:: Task brief ::
Transcribe each record exactly; skip any picture.

:: Records to process ::
%%

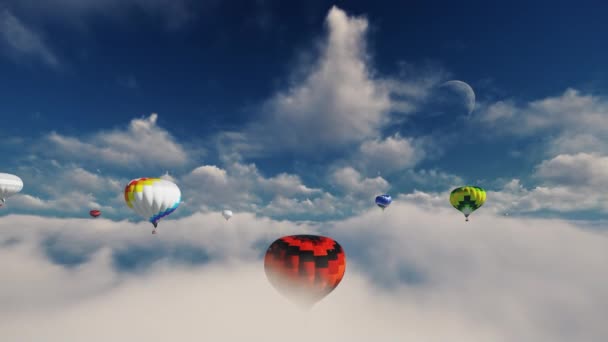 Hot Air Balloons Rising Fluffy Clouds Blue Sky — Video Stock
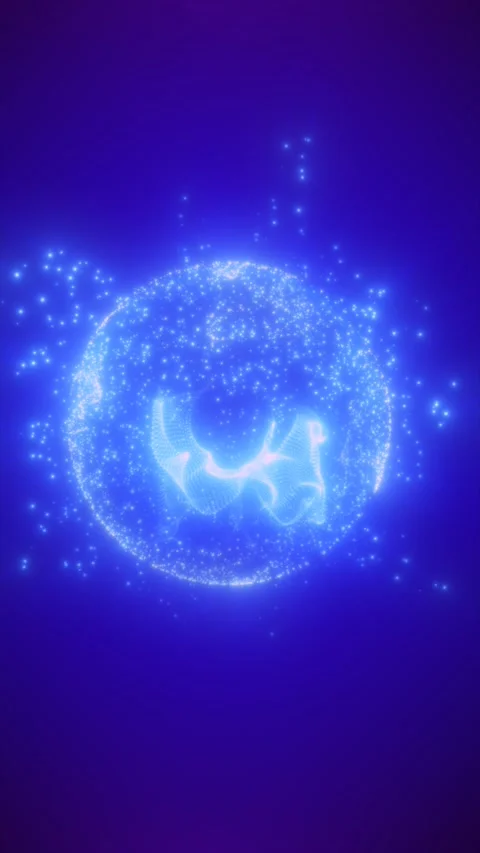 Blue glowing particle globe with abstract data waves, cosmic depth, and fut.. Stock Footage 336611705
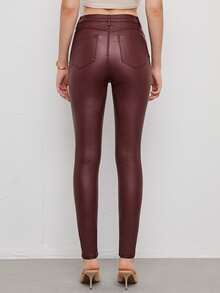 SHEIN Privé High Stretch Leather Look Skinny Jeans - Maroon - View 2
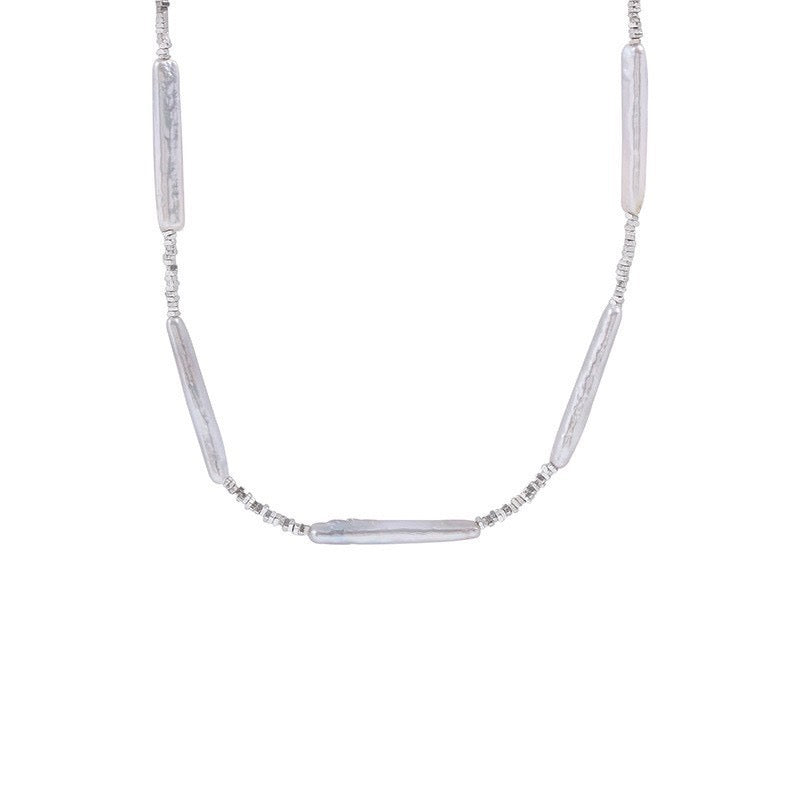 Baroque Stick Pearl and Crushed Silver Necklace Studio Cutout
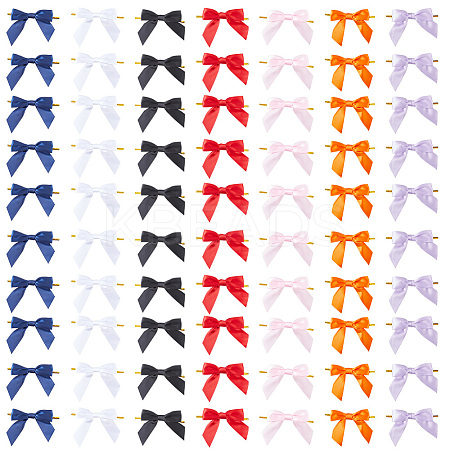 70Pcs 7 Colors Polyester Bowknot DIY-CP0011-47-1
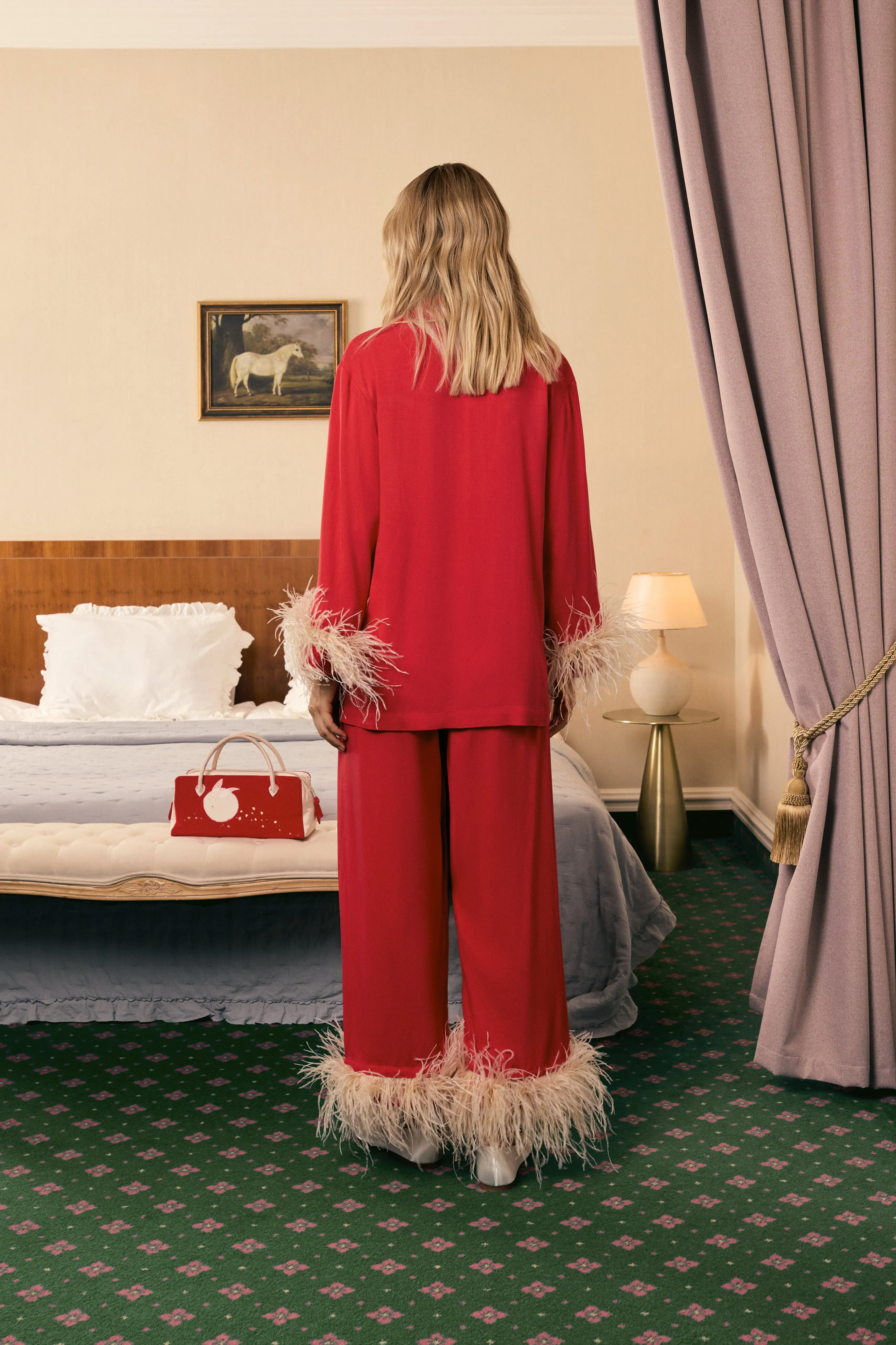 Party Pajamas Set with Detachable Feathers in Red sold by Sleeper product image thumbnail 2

%%

:: Reply to the task ::
 Hot Air Balloons Rising Fluffy Clouds Blue Sky — Video Stock
 Blue glowing particle globe with abstract data waves, cosmic depth, and fut.. Stock Footage 336611705
 SHEIN Privé High Stretch Leather Look Skinny Jeans - Maroon - View 2
 Baroque Stick Pearl and Crushed Silver Necklace Studio Cutout
 70Pcs 7 Colors Polyester Bowknot DIY-CP0011-47-1
 Party Pajamas Set with Detachable Feathers in Red sold by Sleeper product image thumbnail 2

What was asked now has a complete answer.